Я отрицательно качаю головой. Сын Маргариты Николаевны вытирает лицо, нагибается к мешку, вынимает из него три банки американских консервов и буханку хлеба.
— Это вам с мамой! Передай ей привет.
— Спасибо! Но разве вы уже уходите? Останьтесь, — робко прошу я.
— Нет… Ни минуты не хочу быть в этом городе… Я сегодня же уеду из Москвы.
— Далеко?
— На Алтай! Свое я отвоевал… Там я мечтал… если останусь жив, мы с мамой уедем на Алтай… и будем жить на природе… Теперь я уеду туда один… Я напишу тебе…
Он крепко жмет мою руку и, прихрамывая, идет к дверям. Я провожаю его, выйдя на крыльцо, и смотрю ему вслед. Он идет по нашей улице, доходит до угла, оборачивается, машет мне рукой и кричит:
— Я напишу тебе!
XXVII
Утром, на кухне, я вижу Дусю, осунувшуюся, похудевшую, с печальными темными глазами…
— Скажи, сержант Митрофанов пишет?
— Да.
— А мне… он ничего не передает?
— Нет.
— Скажи… там, в Сибири, у него есть невеста?
— Не знаю.
— Не ври! Скажи мне правду: у него есть невеста? Я молчу.
— Какие вы все жестокие!
Я по-прежнему молчу. Выражение ее лица меняется, как если бы она приняла какое-то решение.
— Болтать не будешь?
Я молчу.
— Ах! Все равно! Я… я… — голос ее дрожит. — Я, кажется, беременна!
Открыв рот, я смотрю на нее, а она горько рыдает, закрыв лицо руками… И вдруг, взглянув в окно, быстро вытирает глаза кружевным платком и поправляет волосы. Я смотрю туда же и вижу Джевада Гасановича Орлеанского, идущего к нашему крыльцу.
— О господи! — стонет она. — Что же мне делать?! Как жить?
Потом нервно открывает сумочку, хватает зеркало, пудреницу, пудрит заплаканное лицо и бежит к дверям, бросив мне на ходу:
— Молчи! — И сразу же пищит противным, сладким и совершенно неестественным голосом, отворив двери: — Ой, что это? Это мне?
— Да, вам! — слышу я бас Орлеанского.
— Какая прелесть! Заходите, дорогой Джевад Гасанович!
И она появляется, сияющая, с букетом цветов, а за ней, втянув, насколько это возможно, живот, выпятив грудь и став похожим на шкаф в стиле Булль, входит Джевад Гасанович с громадным свертком в руках.
— Здрасьте, молодой человек!
Он протягивает мне тяжелую, поросшую черными волосами руку.

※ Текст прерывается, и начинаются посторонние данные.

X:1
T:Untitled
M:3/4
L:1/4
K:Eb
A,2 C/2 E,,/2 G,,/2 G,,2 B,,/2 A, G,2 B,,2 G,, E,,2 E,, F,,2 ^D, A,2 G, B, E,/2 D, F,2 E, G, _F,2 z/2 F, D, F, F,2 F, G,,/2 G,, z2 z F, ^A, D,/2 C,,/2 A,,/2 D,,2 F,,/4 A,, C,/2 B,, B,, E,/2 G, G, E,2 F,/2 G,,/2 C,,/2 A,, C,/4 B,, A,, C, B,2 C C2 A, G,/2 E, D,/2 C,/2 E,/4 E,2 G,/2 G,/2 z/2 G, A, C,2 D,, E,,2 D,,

— Проходите, проходите! — поет Дуся.
— Благодарю. За нами скоро заедут. И мы сначала поедем в ресторан, а потом — в театр.
Я чуть не падаю от этих слов, а Дуся бледнеет и с обожанием смотрит на Джевада Гасановича Орлеанского.

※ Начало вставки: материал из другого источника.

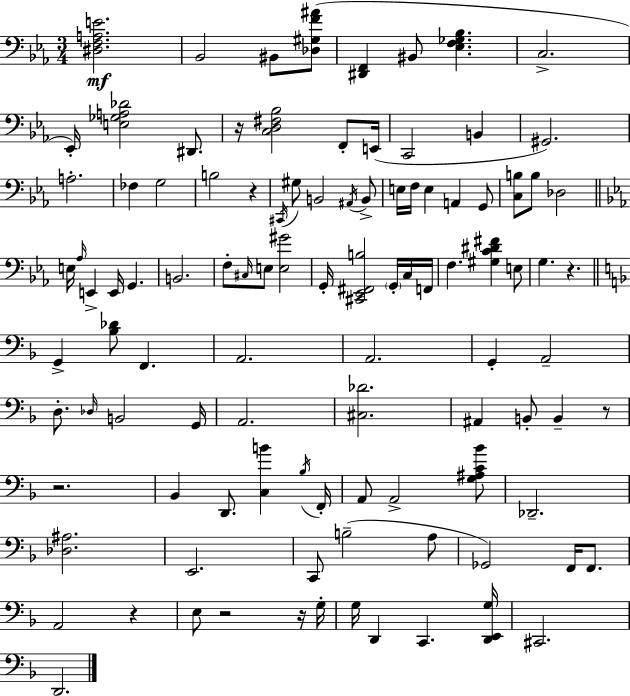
X:1
T:Untitled
M:3/4
L:1/4
K:Cm
[^D,F,A,E]2 _B,,2 ^B,,/2 [_D,^G,F^A]/2 [^D,,F,,] ^B,,/2 [_E,F,_G,_B,] C,2 _E,,/4 [E,_G,A,_D]2 ^D,,/2 z/4 [C,D,^F,_B,]2 F,,/2 E,,/4 C,,2 B,, ^G,,2 A,2 _F, G,2 B,2 z ^C,,/4 ^G,/2 B,,2 ^A,,/4 B,,/2 E,/4 F,/4 E, A,, G,,/2 [C,B,]/2 B,/2 _D,2 E,/4 _A,/4 E,, E,,/4 G,, B,,2 F,/2 ^C,/4 E,/2 [E,^G]2 G,,/4 [^C,,_E,,^F,,B,]2 G,,/4 C,/4 F,,/4 F, [^G,C^D^F] E,/2 G, z G,, [_B,_D]/2 F,, A,,2 A,,2 G,, A,,2 D,/2 _D,/4 B,,2 G,,/4 A,,2 [^C,_D]2 ^A,, B,,/2 B,, z/2 z2 _B,, D,,/2 [C,B] _B,/4 F,,/4 A,,/2 A,,2 [G,^A,C_B]/2 _D,,2 [_D,^A,]2 E,,2 C,,/2 B,2 A,/2 _G,,2 F,,/4 F,,/2 A,,2 z E,/2 z2 z/4 G,/4 G,/4 D,, C,, [D,,E,,G,]/4 ^C,,2 D,,2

Они идут в ее комнату. И тут я вижу в темном коридоре брата.
— Тебе чего?
— Я знаю, он пришел жениться!
— Да тише ты! Пошли в комнату.
Я сажусь за учебники, он — за свой компас, но я чувствую, что ему не терпится что-то спросить.
— Ну что?
— А разве сейчас есть рестораны?
— Значит, есть.
— А где?
— Не знаю… В центре, наверное.
— А там по карточкам или за деньги?
— Не знаю.
— А я сразу понял, что он богатый! Я видел богатых людей!
— Это где же?
— У Диккенса. На картинках… Хоть бы он женился на ней!

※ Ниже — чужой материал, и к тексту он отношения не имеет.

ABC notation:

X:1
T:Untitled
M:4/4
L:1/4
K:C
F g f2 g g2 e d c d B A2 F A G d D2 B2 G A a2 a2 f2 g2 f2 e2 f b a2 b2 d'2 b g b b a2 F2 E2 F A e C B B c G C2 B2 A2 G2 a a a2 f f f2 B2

— Почему? Ты этого так хочешь?
— Нет… Но она хочет. Я понял. Она любила сержанта Митрофанова… Когда мы проводили его и дядю Васю, она долго плакала, а потом спросила, нет ли у меня его фотографии. Я сказал, что у меня нет, а только у мамы, и то вместе с другими. А она сказала: «Отрежь мне сержанта Митрофанова, а остальных оставьте себе!».
— А ты?
— А я сказал, что мы тоже его любим! И он нам тоже нужен! «Так же, как мне, — не может быть!» — сказала она и вздохнула… долго-долго. И еще сказала: «Ты — счастливый, маленький и не знаешь, что такое любовь!» Это правда, что я не знаю?
— Нет, я думаю, знаешь. Ведь ты же любишь маму?
— Очень! Я и тебя люблю.
— Ну вот, значит и ты…
Стук в дверь прерывает меня.
— Это мы, — поет за дверью Дуся. — Пришла машина, и мы уезжаем. Пожалуйста, закрой за нами дверь.
— Что она — не может сама? — шепчет брат.
— Да тише! Это она хочет похвастаться!
Я открываю двери и… столбенею! На фоне громадного, сияющего золотыми зубами Джевада Гасановича Орлеанского, благоухая тонкими духами, аромат которых, правда, все же до конца не может истребить запах «Грез лета», в новом легком пальто из темно-синего сукна, в блестящих лаковых туфлях, с новой прекрасной сумочкой, не в силах сдержать счастливую улыбку, стоит помолодевшая, похорошевшая Дуся.